Réfugiés d’Ukraine : les enjeux de l’accueil

La guerre en Ukraine dure depuis plusieurs semaines désormais. Des milliers de familles ont fui leur maison, leur pays et sont désormais réfugiés. En France, beaucoup sont accueillies par des familles bénévoles. Un geste de générosité qui peut s’avérer complexe.

Anne Chantraine est psychologue à la Sauvegarde du Nord, elle agit au quotidien auprès de jeunes de 14 à 18 ans, déscolarisés et accompagnés par le SAJ de Phalempin. Auparavant, elle a travaillé pendant plusieurs années au sein de la branche lilloise de l’Association d’Aide aux Victimes, qui accompagne des victimes d’infractions pénales ou de terrorisme. Elle propose son regard de professionnelle sur la situation des réfugiés d’Ukraine.

“Les conséquences psychologiques de leur départ peuvent être importantes voire déroutantes. Ces familles ont vécu des situations de stress ou même de traumatisme psychique, ce n’est évidemment pas anodin. Nous vivons tous des situations de stress, notre cerveau sait s’en protéger. Il analyse la situation, propose une réaction puis se relâche. Dans une zone de conflits, ces situations sont très fréquentes, rapprochés et prolongées. Le relâchement devient alors impossible, on parle alors de stress dépassé. Le traumatisme psychique, lui, est un état d’effroi, au delà de la peur. Il conduit à ce qu’on appelle une rencontre avec le réel de la mort, on parle d’une effraction psychique.”

“Les réactions sont nombreuses et peuvent dérouter. Des peurs suite à un claquement de porte ou un bruit pour nous très banal, une forme de dépression, une hypervigilance, de l’irritabilité ou même de l’agressivité ! On a tous un peu l’image de la victime qui, secourue, serait reconnaissante et gentille.
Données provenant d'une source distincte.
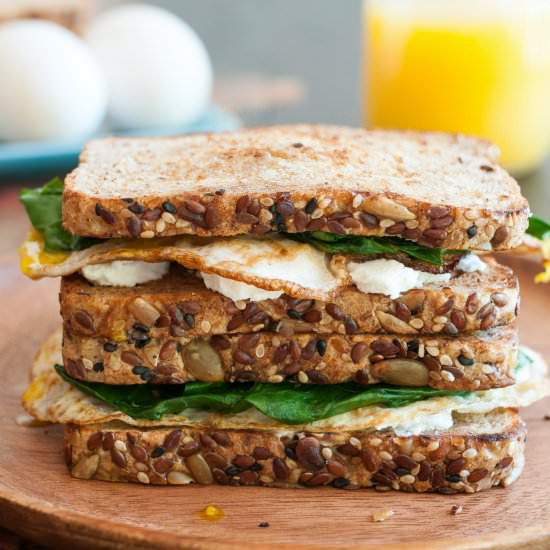 Egg, Greens & Goat Cheese Sandwich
Mais ce n’est pas toujours le cas, n’oublions pas qu’il peut y avoir de la culpabilité d’être parti qui se mélange à un sentiment de honte. Surtout si des proches sont restés sur place.”

“Le rôle des accueillants est de permettre le repos, la pause. Mais attention à ne pas en faire trop. Être trop bien accueilli, ce n’est pas être accueilli «normalement », il faut trouver un juste équilibre pour qu’ils puissent se poser progressivement. Et souvent, on le constate, toute la famille d’accueil, unie, se met en 4 pour que les ukrainiens se sentent bien. C’est très gentil mais cela rend le déracinement et l’éloignement de l’exil encore plus violent.”

“Il ne faut pas chercher à absolument faire parler de la guerre, parler, c’est revivre la situation traumatisante. Il est donc important, à mon sens, de pouvoir accompagner ces familles d’accueil, de leur donner des notions-clefs sur les psychotraumatismes, de les écouter, les aider à trouver des solutions face à des barrières, à commencer par celle de la langue. Il me semble important d’imaginer des espaces de parole et d’échange. C’est par exemple ce que savent faire mes collègues du PFS au service des familles d’accueil. Cela peut-être une piste, d’autant que cela risque de durer.”